Your task:
Take the material below and output exactly the run of lines from the one containing "8 conference calls, Conference" down to the one containing "Paravent Bamboo Height", with both included.

Excerpted records:
---+---
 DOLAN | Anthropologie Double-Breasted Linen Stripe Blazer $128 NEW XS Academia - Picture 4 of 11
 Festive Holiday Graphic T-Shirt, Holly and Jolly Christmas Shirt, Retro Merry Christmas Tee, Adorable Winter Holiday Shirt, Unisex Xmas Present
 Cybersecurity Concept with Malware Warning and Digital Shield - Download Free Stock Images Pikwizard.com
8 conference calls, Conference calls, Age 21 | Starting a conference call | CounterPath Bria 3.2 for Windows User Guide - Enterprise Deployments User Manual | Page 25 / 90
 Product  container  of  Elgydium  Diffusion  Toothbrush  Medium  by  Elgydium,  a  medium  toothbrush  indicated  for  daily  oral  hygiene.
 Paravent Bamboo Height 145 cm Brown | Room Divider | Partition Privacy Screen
---+---
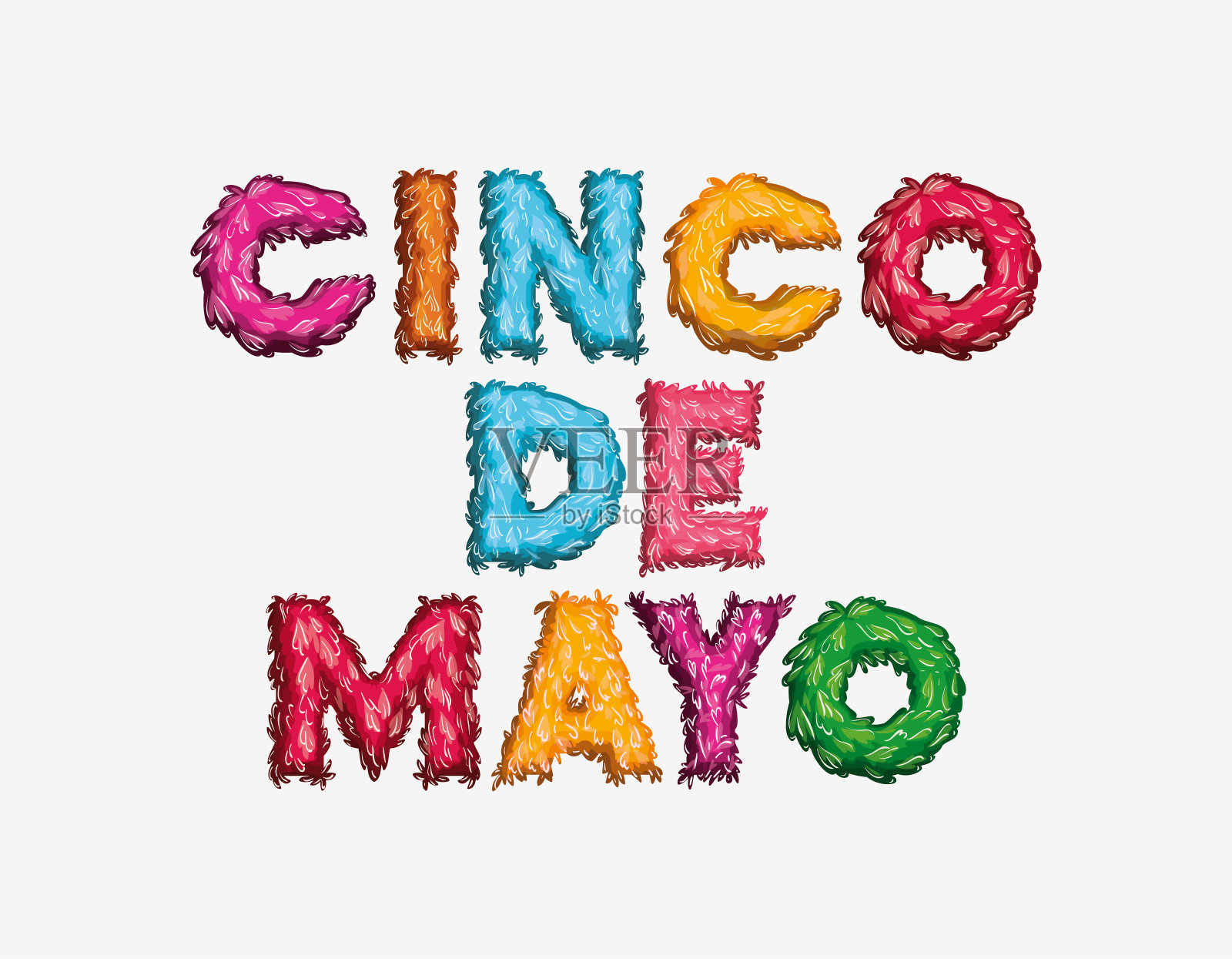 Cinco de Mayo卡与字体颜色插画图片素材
---+---
Response for this exercise:
8 conference calls, Conference calls, Age 21 | Starting a conference call | CounterPath Bria 3.2 for Windows User Guide - Enterprise Deployments User Manual | Page 25 / 90
 Product  container  of  Elgydium  Diffusion  Toothbrush  Medium  by  Elgydium,  a  medium  toothbrush  indicated  for  daily  oral  hygiene.
 Paravent Bamboo Height 145 cm Brown | Room Divider | Partition Privacy Screen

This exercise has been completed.